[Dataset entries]
------
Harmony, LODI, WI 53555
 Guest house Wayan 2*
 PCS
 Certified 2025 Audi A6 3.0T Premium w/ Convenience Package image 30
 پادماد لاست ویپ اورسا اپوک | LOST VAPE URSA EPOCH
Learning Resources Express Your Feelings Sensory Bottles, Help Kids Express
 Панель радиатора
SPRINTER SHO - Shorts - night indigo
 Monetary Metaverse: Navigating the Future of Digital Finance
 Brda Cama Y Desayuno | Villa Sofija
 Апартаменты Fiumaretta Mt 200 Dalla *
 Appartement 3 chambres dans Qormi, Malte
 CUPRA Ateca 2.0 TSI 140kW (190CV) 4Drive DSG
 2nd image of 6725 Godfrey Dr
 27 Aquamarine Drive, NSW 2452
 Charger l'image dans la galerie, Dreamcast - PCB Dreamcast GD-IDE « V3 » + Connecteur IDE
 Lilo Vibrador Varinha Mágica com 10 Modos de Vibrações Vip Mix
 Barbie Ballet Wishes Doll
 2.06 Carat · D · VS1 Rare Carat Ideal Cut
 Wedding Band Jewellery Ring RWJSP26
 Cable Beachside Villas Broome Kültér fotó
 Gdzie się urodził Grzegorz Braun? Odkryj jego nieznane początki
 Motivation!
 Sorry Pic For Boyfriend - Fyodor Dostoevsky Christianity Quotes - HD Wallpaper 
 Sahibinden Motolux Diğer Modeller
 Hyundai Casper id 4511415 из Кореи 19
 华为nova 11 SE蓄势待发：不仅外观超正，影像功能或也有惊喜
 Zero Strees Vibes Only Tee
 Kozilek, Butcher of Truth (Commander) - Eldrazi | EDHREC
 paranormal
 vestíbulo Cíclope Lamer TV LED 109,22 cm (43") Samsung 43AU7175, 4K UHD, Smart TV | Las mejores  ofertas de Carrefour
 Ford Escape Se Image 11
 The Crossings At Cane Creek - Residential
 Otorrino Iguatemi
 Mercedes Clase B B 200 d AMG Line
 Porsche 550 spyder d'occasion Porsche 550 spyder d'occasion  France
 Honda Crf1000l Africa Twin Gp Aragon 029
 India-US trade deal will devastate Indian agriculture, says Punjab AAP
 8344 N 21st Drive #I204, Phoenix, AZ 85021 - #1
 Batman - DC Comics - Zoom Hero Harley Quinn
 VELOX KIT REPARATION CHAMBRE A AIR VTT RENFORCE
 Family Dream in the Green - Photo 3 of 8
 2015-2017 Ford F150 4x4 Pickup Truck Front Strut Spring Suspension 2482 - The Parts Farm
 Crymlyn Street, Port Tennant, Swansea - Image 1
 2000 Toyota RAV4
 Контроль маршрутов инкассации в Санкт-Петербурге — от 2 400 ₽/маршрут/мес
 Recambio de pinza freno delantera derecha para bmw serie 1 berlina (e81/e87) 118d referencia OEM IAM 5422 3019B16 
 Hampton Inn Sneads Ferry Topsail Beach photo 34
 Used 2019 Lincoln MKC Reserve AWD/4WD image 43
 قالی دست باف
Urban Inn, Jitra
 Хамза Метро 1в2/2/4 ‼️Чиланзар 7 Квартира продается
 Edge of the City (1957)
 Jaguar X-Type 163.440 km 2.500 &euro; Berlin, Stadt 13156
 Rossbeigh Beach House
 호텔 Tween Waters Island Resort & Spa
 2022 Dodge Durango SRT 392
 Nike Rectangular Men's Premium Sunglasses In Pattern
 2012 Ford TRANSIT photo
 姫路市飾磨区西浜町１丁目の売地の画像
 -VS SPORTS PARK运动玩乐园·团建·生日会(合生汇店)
------
Exercise - For every line of the records with the string "Premium", add one to a tally; give the final tally alone.

Response to this task - 2